!This post is an introduction to SNI-SLAM from my “Academic Paper Writing” course.
SNI-SLAM: Semantic Neural Implicit SLAM
yulinJoseph 2024.10.12
Table of Contents
1. Prerequisites
What are SLAM and NeRF?
2. Related Work
Previous Approaches and (Dis)Advantages
3. Methodology
Hierarchical Semantic Representation, Cross-Attention,
Internal Fusion-Based Decoder and Feature Loss
4. Conclusion
Performance and ?
01 Prerequisites
SLAM: Simultaneous Localization and Mapping
- Two key tasks:
- Localization: Determining the precise position and orientation (such as x, y, z coordinates and the direction) of the robot or device in the environment in real-time.
- Mapping: Generating a real-time map of the environment surrounding the device, including the location and shape of obstacles in the environment.
- Main steps:
- Sensor Data Collection, Feature Extraction and Matching, Position Estimation and Map Construction, Loop Closure Detection
01 Prerequisites
SLAM
01 Prerequisites
The core idea of NeRF is to use a neural network to represent the 3D space of a scene.
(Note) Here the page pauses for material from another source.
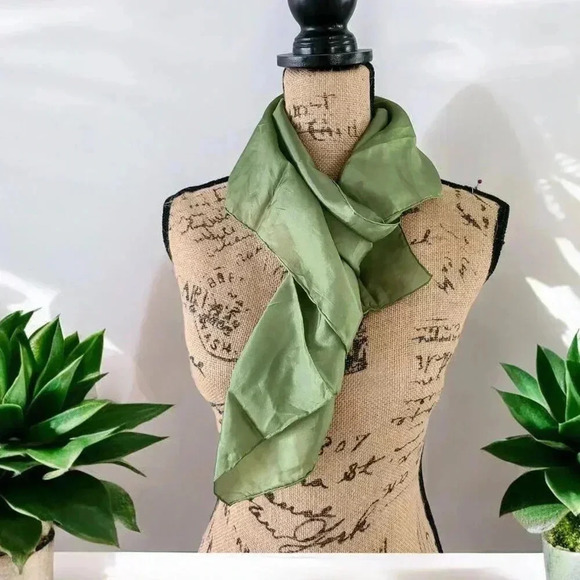 Green Silk scarf wrap - Picture 1 of 4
In this scene, the position and viewing direction of each point are input into the network, and the network outputs the color (RGB) and volume density of that point. Through volume rendering techniques, NeRF can sample multiple 3D points along each ray (a ray projected from the camera into the scene), and finally generate the color for each pixel, synthesizing an image.
02 Related Work
Why SLAM with NeRF?
“Traditional semantic SLAM has limitations including its inability to predict unknown areas and high storage space requirements.”
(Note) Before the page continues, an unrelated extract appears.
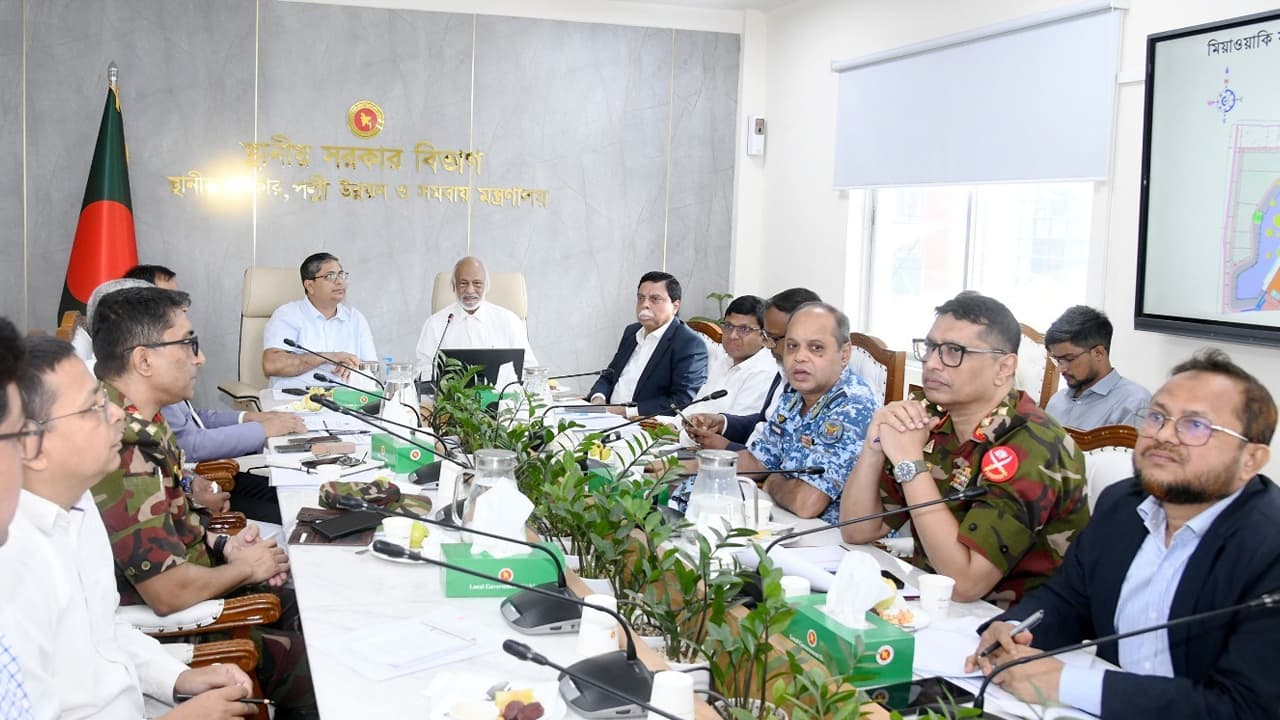 পরিবেশ উন্নয়নে স্বল্প মধ্য ও দীর্ঘমেয়াদি পরিকল্পনার নির্দেশ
- Advantages of Using NeRF:
- Continuous Scene Representation
- High-Quality Reconstruction
- Multi-Modal Information Fusion
- Low Storage Requirement
- Viewpoint Independence
02 Related Work
Two Challenges of Semantic NeRF-based SLAM:
Appearance, geometry and semantic information are interrelated, so processing them independently will lose interact connections, leading to an incomplete understanding of the image or scene.
- MSeg3D[1] fuses geometry and semantic features to obtain more accurate semantic segmentation results. However, this work does not take advantage of appearance information as another modality to enhance semantic expression from the visual structural perspective. Moreover, mutual reinforcement of different modalities is not explored either.
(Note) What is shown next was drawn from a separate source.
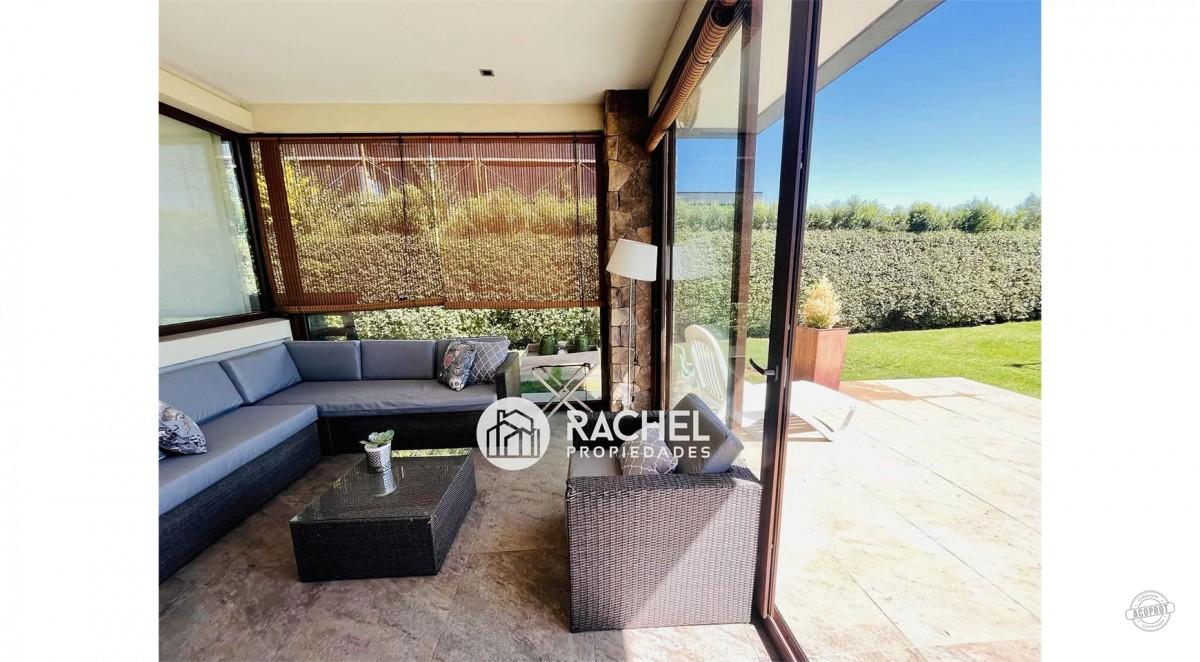 ESPECTACULAR Y MODERNA CASA EN EXCLUSIVO CONDOMINIO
As the appearance of a scene, such as color, varies under different views, leveraging semantic multi-view consistency to optimize appearance will affect the details of the appearance, and vice versa.
- Semantic-NeRF[2] appends a segmentation renderer before injecting viewing directions into the Multi-layer Perceptron (MLP). However, the impact of semantic optimization on appearance and geometric expression is not explored.
02 Related Work
- Semantic SLAM
- SLAM++[3] is object-aware RGB-D SLAM that uses joint pose graph to represent object-level information in the scene.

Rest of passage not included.